MaaS apps for public transportation already exist in parts of Europe, where they have helped reduce transportation congestion and emissions. With support from several funding organizations, Yu is working to bring this concept to UWM – and eventually other Wisconsin communities.

“We hope UWM will become the country’s first testbed for Campus MaaS,” Yu says.

She sees UWM as a perfect proving ground because it already offers multiple transportation options to a large and diverse population of students and employees. Its geographical status as an urban campus is representative of most of the country’s higher education institutions. And the interest on campus in choosing public transportation over privately owned cars is high.

A survey released in 2019 reported that 71% of college students in Wisconsin would be somewhat or very likely to use public transportation to get to school if it were more convenient. Conducted by the Wisconsin Public Interest Research Group, the “Millennials on the Move” survey included more than 600 students at 24 of the state’s colleges and universities.

To study the feasibility of Campus MaaS, Yu’s team in the College of Engineering & Applied Science conducted its own survey of Prowl Line users. Operated by UWM as a supplement to county bus service, the Prowl Line connects UWM’s main campus to other areas of Milwaukee, including student housing and a commuter parking lot.

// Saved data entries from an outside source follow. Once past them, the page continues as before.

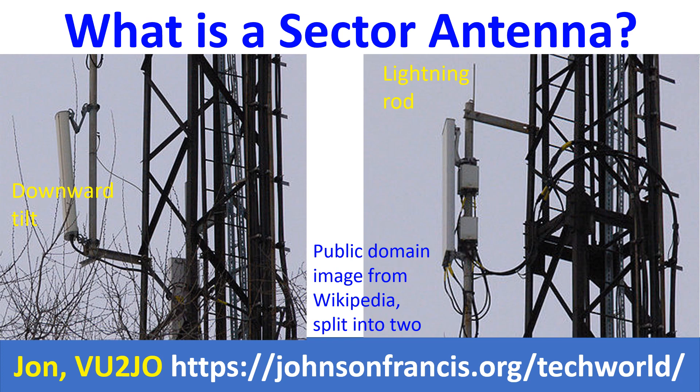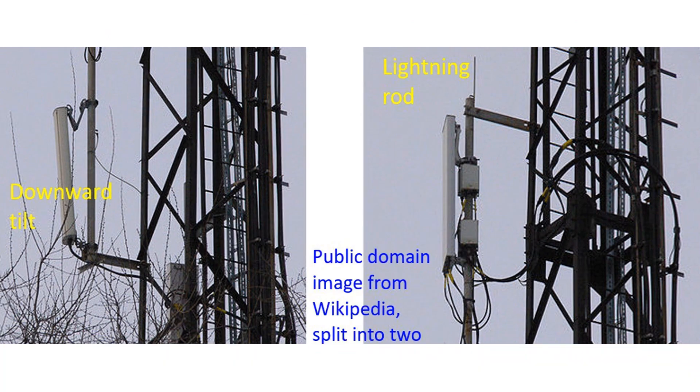Different types of sector antennas may cover 60, 90, or 120 degree sectors. The sector antennas are given a slight downward tilt, as seen in the first image, to give better reception on the ground.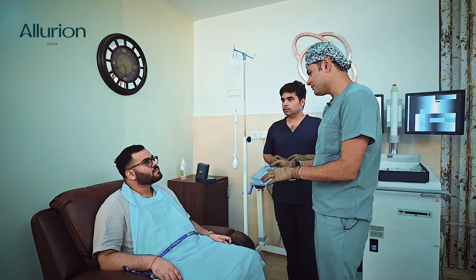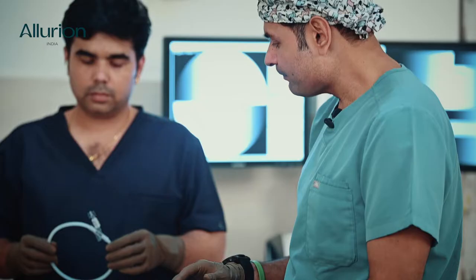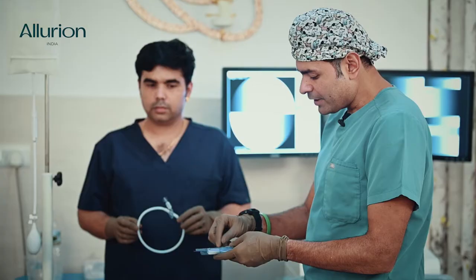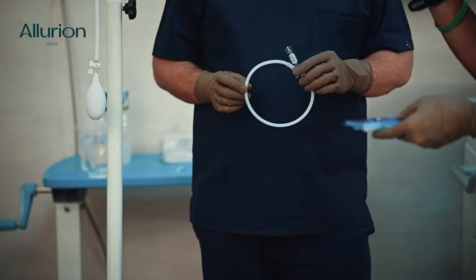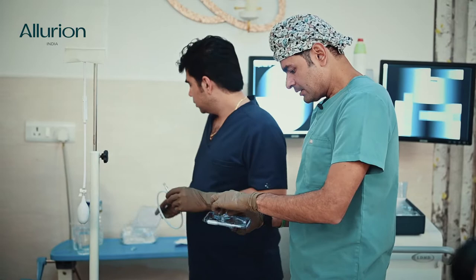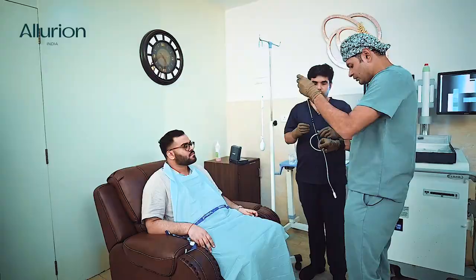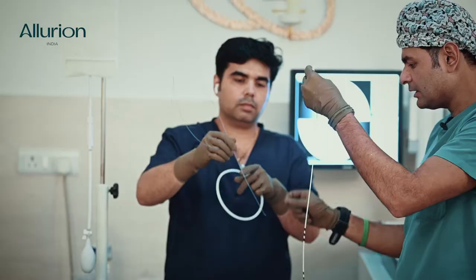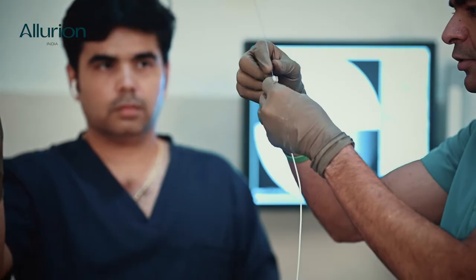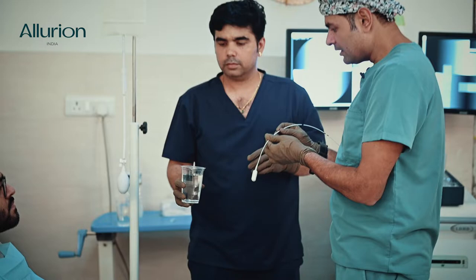To assist your swallowing of this capsule, we are going to use a stilet. A stilet is a device that makes the catheter a little bit rigid so that you don't have any problem gulping it — we assist you to gulp it very easily. It's just to make things easier for you. This stilet has a very soft tip and its basic purpose is to make the swallowing easier.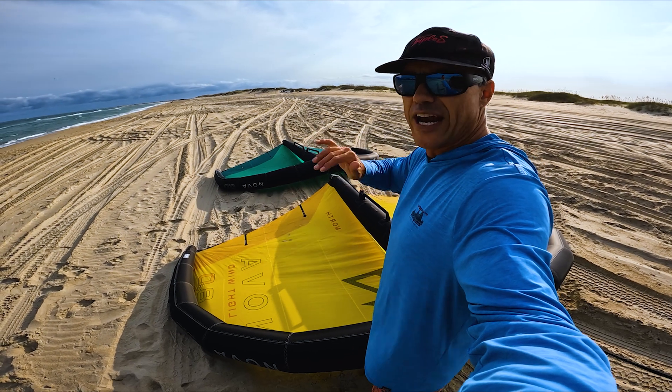So I'm going to start with the 6, because I think that's going to be kind of what I would consider my big wing. Wind speed out here is about 12, but with the current and stuff — we'll see. I think that's going to do it, so I'm going to rig up my foil and get out there.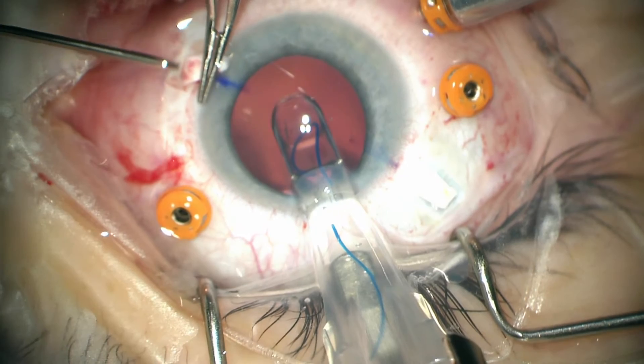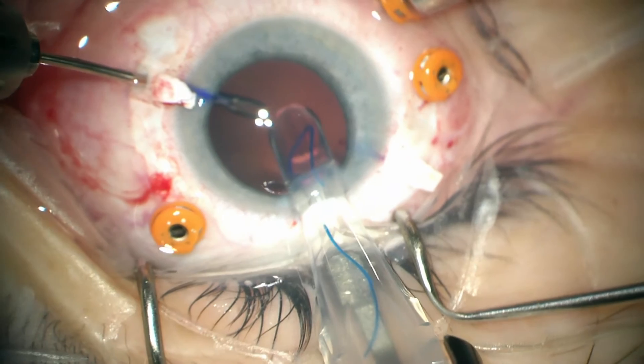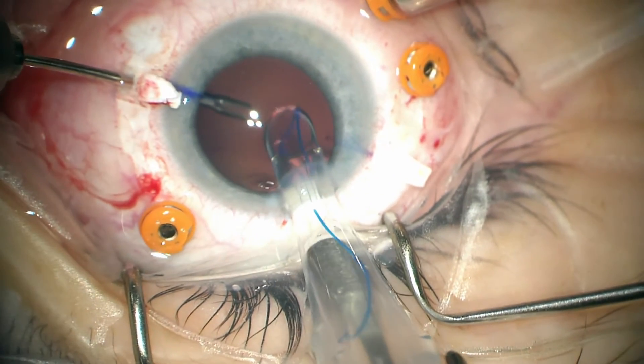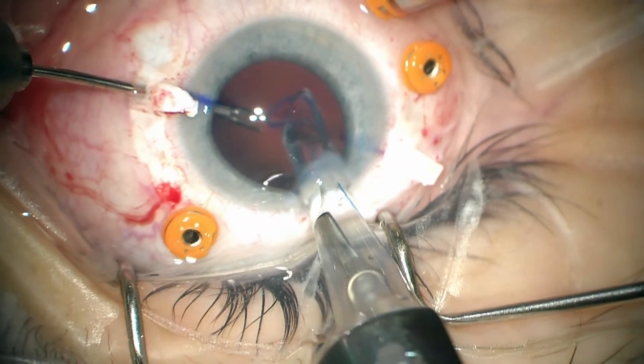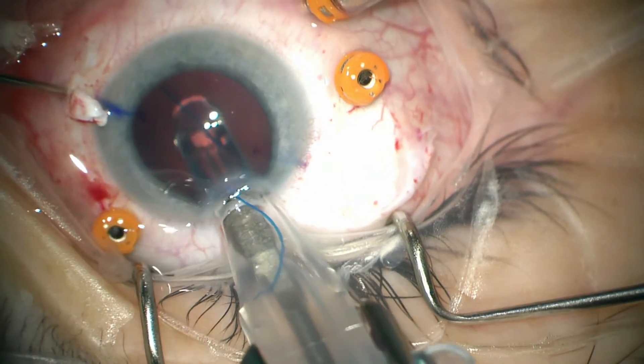As the lens is inserted, an MST Duet forcep is inserted into the eye to grasp that haptic as it comes out of the inserter cartridge. Again, you don't have to be quite as careful with these haptics as they tend not to break or bend as you pull them out of the eye.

Researchers also analyzed transportation data collected by the UWM Office of Sustainability, UWM Transportation Services, the Milwaukee County Transit System (MCTS) and Bublr, a nonprofit bike-sharing program that offers a discounted annual pass to UWM students.

Illustration of a smart phone with UWM MaaS app and examples of public transit it would show
Assistant professor Jie Yu thinks UWM is the perfect place to launch her all-in-one public transit app, because of the student population's high interest in more convenient access to public transportation.

The results encouraged them to take the next step. Yu’s team has already designed a prototype for the Campus MaaS app and is collaborating on backend programming with UWM’s information technology and transportation personnel, as well as MCTS. The app’s first iteration will bundle several transportation options: campus shuttles; the prepaid U-PASS for MCTS buses; and the B.O.S.S. (Be On the Safe Side), an on-demand after-hours van service. Down the road, Yu hopes the app can include commercial bike-sharing and car-hailing programs, as well as the option to reserve and pay for parking spots on or near campus.

Yu plans to initiate Campus MaaS field testing with selected student organizations during the next two years. Eventually, she says, all UWM students and employees will be able to install the app.

Yu’s broadest ambitions for the MaaS concept, however, extend beyond the UWM campus to other parts of Wisconsin. She sees it as a solution for other public transportation needs, and her initial focus is on user groups like older adults.

The number of Wisconsin residents 65 and older is expected to nearly double by 2040, and Yu wants to provide them with a trip-planning tool called SilverGo. She’s designing it with features to address the physical and cognitive needs of seniors, such as the inclusion of public transportation services that require minimal walking.

It would be available as an app, but seniors without smartphones could access the information on a user-friendly website and via telephone. Yu says several senior communities have already expressed an interest in testing a SilverGo prototype.

In the meantime, work continues to take Campus MaaS from concept to reality.

“Our goal for Campus MaaS,” Yu says, “is to make trip planning easy and convenient enough so that many people will leave their car at home and use healthier forms of transportation that are better for the environment. And with the lessons learned from Campus MaaS, we hope to bring similar services to other Wisconsin communities in the future.”